>>

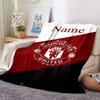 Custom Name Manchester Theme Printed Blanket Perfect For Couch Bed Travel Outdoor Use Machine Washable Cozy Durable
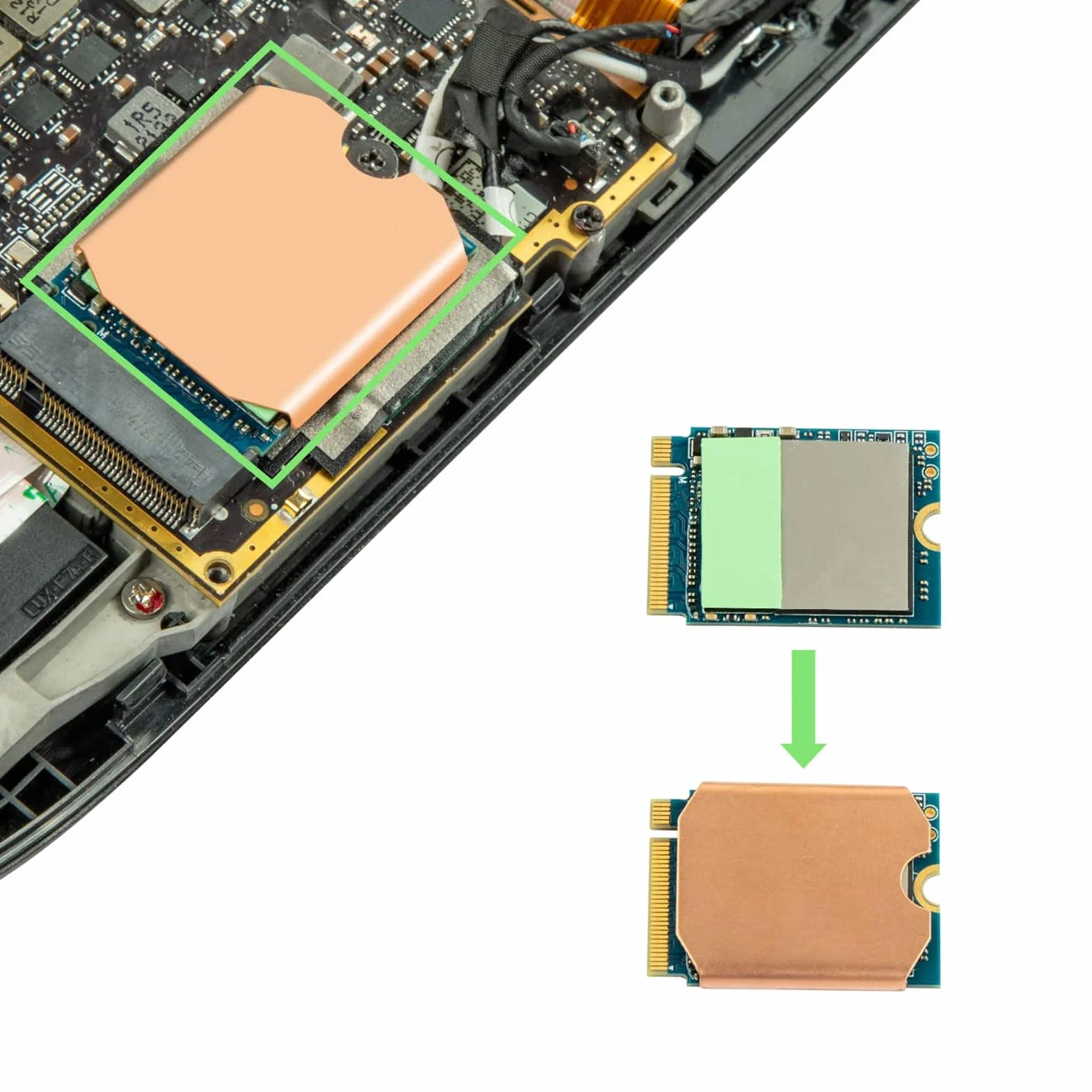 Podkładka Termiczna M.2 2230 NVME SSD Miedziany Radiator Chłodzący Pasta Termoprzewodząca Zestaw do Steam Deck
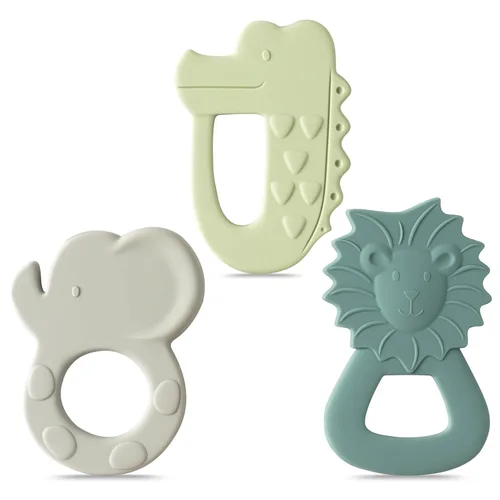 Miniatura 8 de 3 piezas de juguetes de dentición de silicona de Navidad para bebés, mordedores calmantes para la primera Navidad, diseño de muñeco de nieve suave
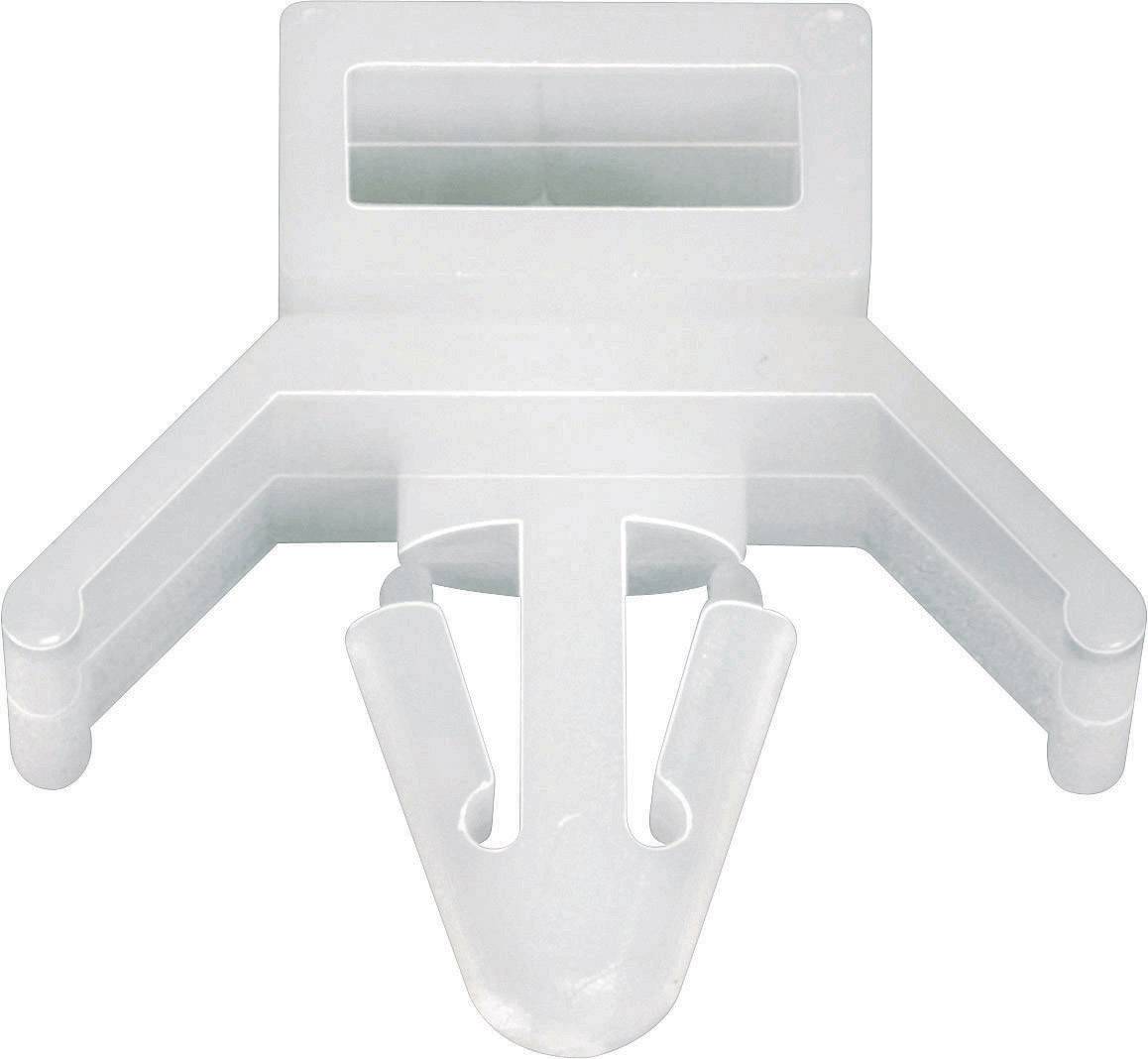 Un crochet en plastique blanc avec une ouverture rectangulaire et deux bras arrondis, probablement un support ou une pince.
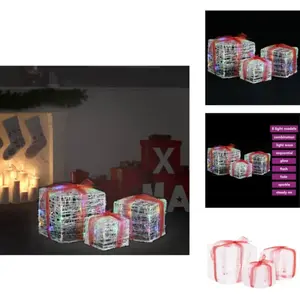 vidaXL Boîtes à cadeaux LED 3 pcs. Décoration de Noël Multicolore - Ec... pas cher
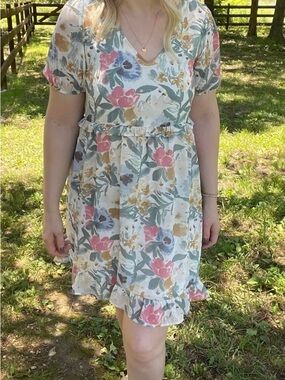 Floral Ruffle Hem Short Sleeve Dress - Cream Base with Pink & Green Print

<<
>>

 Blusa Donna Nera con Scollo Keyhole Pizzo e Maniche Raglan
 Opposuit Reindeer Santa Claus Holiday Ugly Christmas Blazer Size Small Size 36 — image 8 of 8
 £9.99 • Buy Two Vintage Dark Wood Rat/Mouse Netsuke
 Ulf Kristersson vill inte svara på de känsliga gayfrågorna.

<<
>>

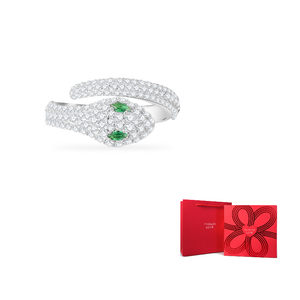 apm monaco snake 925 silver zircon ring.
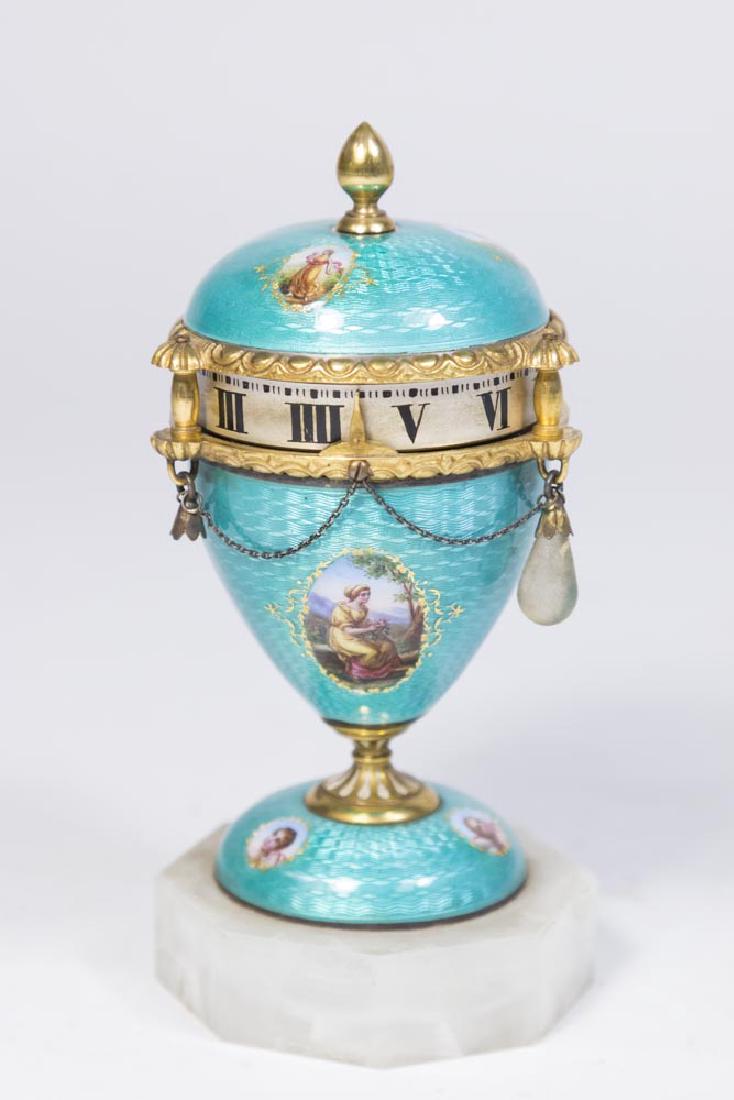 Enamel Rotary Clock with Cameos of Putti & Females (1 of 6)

<<

• What is required:
Go down the entries above from the line containing "Custom Name Manchester" to the line containing "Miniatura 8 de" and write out each line exactly, leaving pictures out.

• Output:
 Custom Name Manchester Theme Printed Blanket Perfect For Couch Bed Travel Outdoor Use Machine Washable Cozy Durable
 Podkładka Termiczna M.2 2230 NVME SSD Miedziany Radiator Chłodzący Pasta Termoprzewodząca Zestaw do Steam Deck
 Miniatura 8 de 3 piezas de juguetes de dentición de silicona de Navidad para bebés, mordedores calmantes para la primera Navidad, diseño de muñeco de nieve suave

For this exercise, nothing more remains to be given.